(Image-caption web data)
----------------------------------------
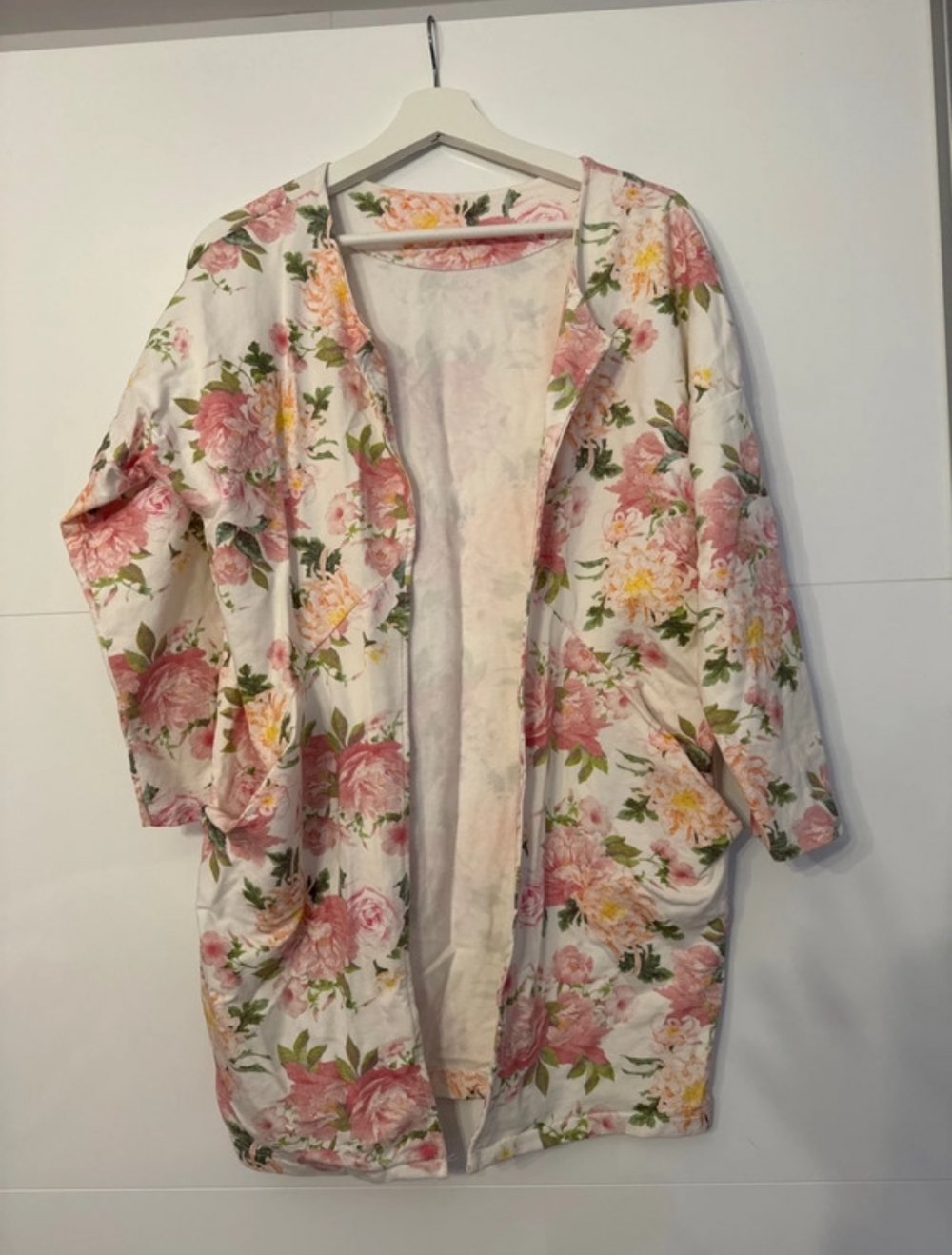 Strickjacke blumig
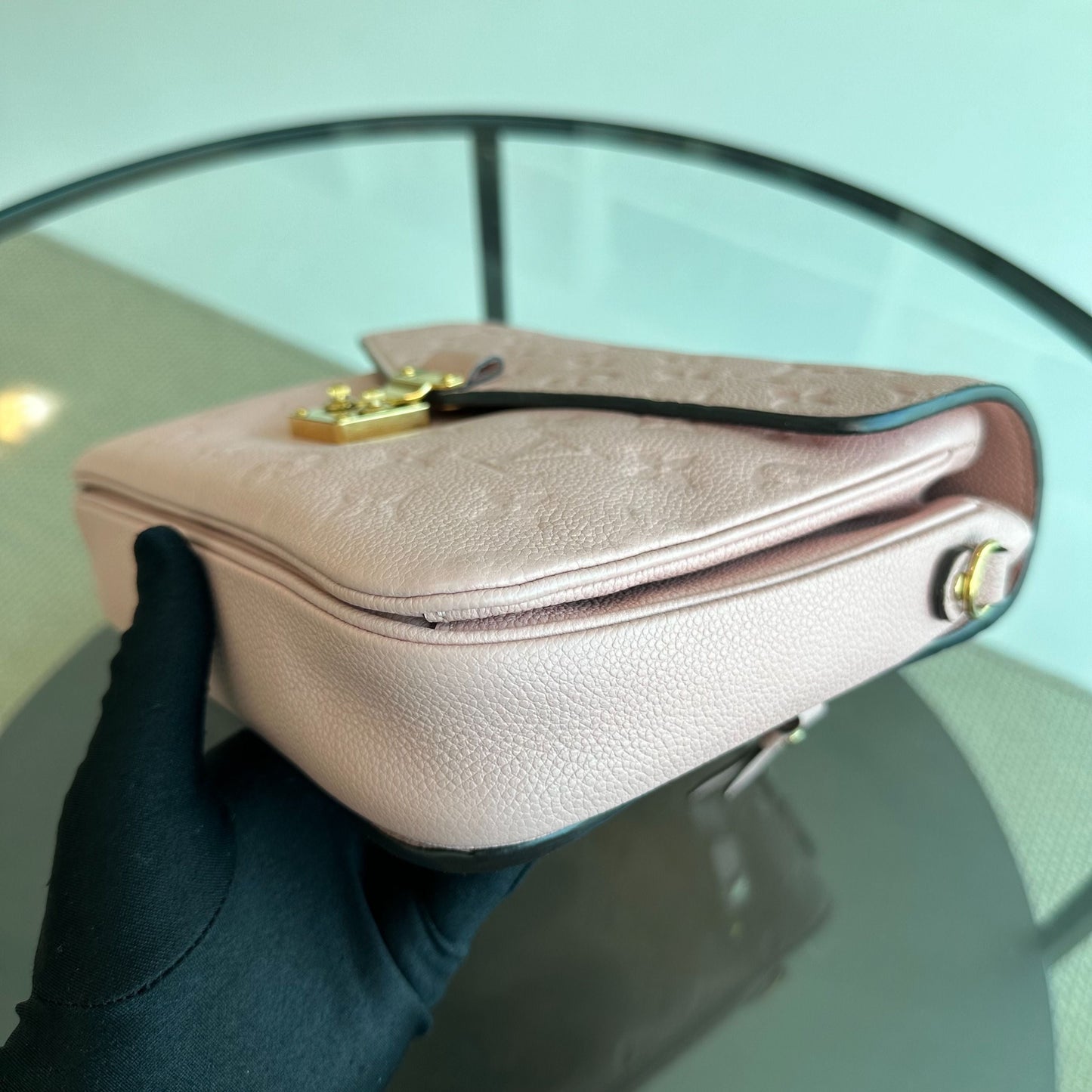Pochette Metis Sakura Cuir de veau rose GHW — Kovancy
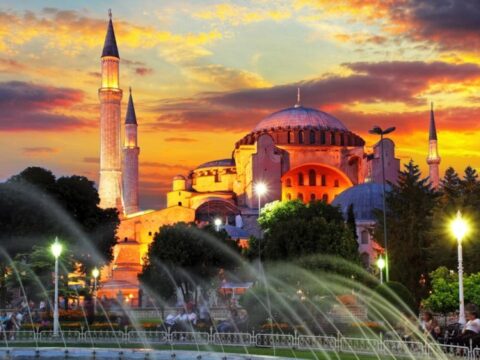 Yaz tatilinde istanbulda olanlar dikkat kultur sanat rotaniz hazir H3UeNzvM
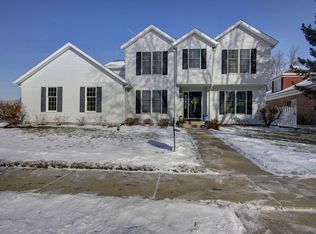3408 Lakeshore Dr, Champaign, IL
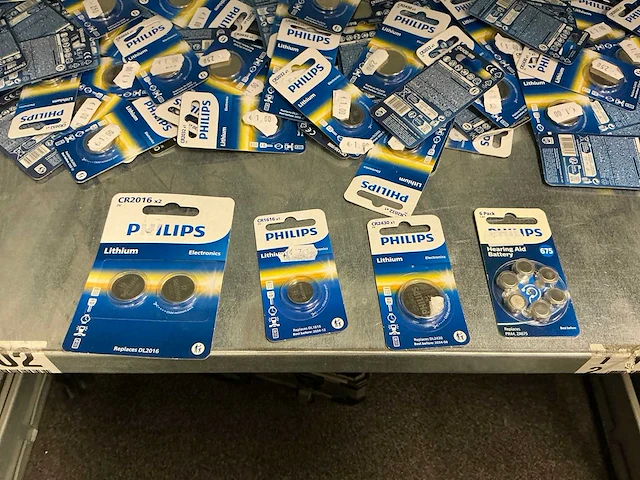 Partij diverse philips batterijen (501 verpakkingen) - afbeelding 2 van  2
----------------------------------------
### The task:
Quote, please, only the lines running from the one with "Pochette Metis Sakura" down to the final line of the data above, keeping both ends and skipping the pictures.

### Problem solution:
Pochette Metis Sakura Cuir de veau rose GHW — Kovancy
 Yaz tatilinde istanbulda olanlar dikkat kultur sanat rotaniz hazir H3UeNzvM
3408 Lakeshore Dr, Champaign, IL
 Partij diverse philips batterijen (501 verpakkingen) - afbeelding 2 van  2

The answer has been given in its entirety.